YOUR GOAL
The response must be made up of the lines in the entries below that contain "with".

::::

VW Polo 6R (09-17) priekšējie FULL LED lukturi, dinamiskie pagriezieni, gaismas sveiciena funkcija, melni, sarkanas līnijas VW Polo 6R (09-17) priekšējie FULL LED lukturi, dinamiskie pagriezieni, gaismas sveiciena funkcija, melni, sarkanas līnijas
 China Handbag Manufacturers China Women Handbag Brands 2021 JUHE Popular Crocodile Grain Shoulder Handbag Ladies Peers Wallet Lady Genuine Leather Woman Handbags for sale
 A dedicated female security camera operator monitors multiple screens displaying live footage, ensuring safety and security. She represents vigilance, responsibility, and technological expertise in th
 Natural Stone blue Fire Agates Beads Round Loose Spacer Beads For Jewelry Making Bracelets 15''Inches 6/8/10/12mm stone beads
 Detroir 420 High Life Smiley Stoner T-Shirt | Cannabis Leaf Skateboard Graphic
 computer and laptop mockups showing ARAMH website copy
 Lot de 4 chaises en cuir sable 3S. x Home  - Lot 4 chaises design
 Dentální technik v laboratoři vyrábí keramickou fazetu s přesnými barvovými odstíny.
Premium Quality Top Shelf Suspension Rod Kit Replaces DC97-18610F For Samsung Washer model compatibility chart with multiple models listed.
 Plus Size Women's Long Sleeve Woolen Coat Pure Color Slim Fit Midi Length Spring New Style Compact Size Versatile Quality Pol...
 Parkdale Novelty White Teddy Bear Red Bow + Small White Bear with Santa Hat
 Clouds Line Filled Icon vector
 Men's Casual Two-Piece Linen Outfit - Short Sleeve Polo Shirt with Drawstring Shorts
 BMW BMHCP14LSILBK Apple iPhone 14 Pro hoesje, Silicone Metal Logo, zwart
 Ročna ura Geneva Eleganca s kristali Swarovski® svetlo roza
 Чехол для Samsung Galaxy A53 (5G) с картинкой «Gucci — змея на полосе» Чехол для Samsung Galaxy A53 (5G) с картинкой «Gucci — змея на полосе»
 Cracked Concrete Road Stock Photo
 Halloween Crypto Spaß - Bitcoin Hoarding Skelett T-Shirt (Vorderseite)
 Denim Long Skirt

::::

RESULT FOR THIS EXERCISE
Premium Quality Top Shelf Suspension Rod Kit Replaces DC97-18610F For Samsung Washer model compatibility chart with multiple models listed.
 Parkdale Novelty White Teddy Bear Red Bow + Small White Bear with Santa Hat
 Men's Casual Two-Piece Linen Outfit - Short Sleeve Polo Shirt with Drawstring Shorts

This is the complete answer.